In her famous portrait of Adolf Eichmann, Hannah Arendt raised the question of how seeming ordinary, “banal” individuals could have come to perpetrate the most horrific of crimes, sometimes without ever pulling a trigger. Arendt turned out to have mismeasured Eichmann entirely, but such killers did exist, and the historian Daniel Lee has written a detailed portrait of one: a mid-level officer in the SS named Robert Griesinger. In his appreciative review of the book, Malcolm Forbes writes:
Lee asserts that Griesinger’s reasons for joining [the Nazi party and the SS] were not so much ideological as opportunistic. He was an ambitious lawyer who wanted to get ahead and climb the civil-service ladder. Membership of the SS and the Gestapo facilitated such career advancement. There were other perks. When Griesinger married Gisela Nottebohm (a woman his over-protective mother regarded as “the evil one”), their Stuttgart marital home was, like those of SS officers and Gestapo agents all over the country, filled with the furniture left behind by Jews forced to emigrate.
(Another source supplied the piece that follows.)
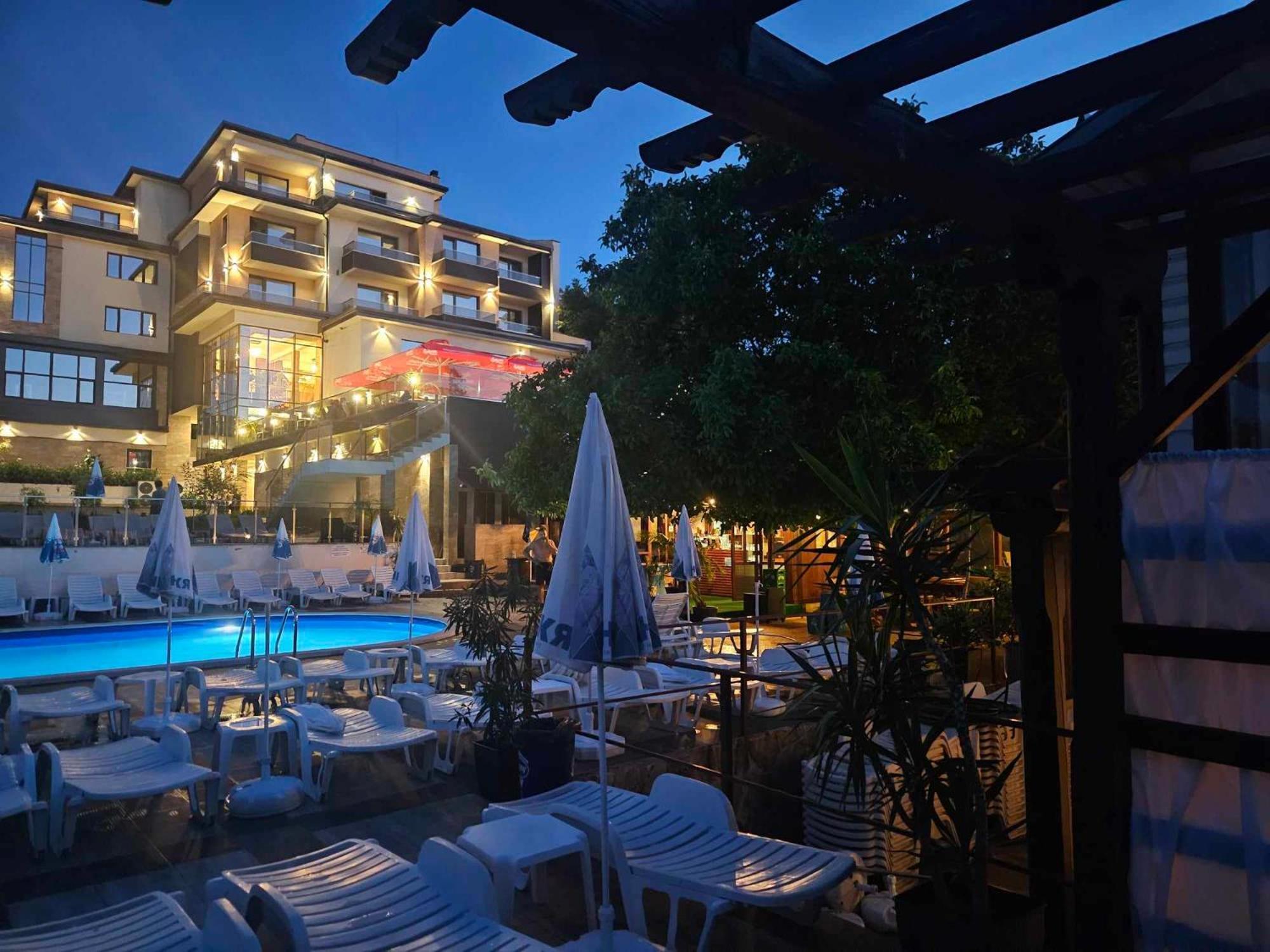 Комплекс Бабенец Hotel Gorna Oryakhovitsa Exterior photo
This privilege was probably extended when Griesinger was transferred to the euphemistically titled Protectorate of Bohemia and Moravia in 1943. The Griesingers’ grand three-story villa was located in an affluent suburb of Prague that had once been home to a significant Jewish population.
But with each successive stage of Griesinger’s life it becomes clear that he was more than just a small cog in a large machine. He might not have taken part in the more brutal aspects of the Gestapo’s work during his two and half years at its Stuttgart headquarters; nevertheless as a Schreibtischtäter, or desktop perpetrator, he facilitated clampdowns and arrests and knew exactly what went on in the torture cells beneath his workplace. He might not have joined the killing squads that roamed western Ukraine in the summer of 1941 systematically rounding up and liquidating Jews (some of them Lee’s ancestors), but as a soldier in the same Wehrmacht unit, he was in close proximity to them and no doubt knew their names. And he might not personally have worked Jews to death in the Protectorate; however, as an official at the Reich’s Ministry of Economics and Labor in Prague he was responsible for deploying Jewish forced labor throughout the Czech lands—if not to a mine or a brickyard, then to the camp-ghetto of Theresienstadt.
This important book shows us how Griesinger and tens of thousands of other seemingly insignificant administrators wielded more than enough power to shape lives and destroy them. As Lee rightly claims, “The famous fanatics and murderers could not have existed without the countless enablers who kept the government running, filed the paperwork, and lived side-by-side with potential victims of the regime in whom they instilled fear and the threat of violence.”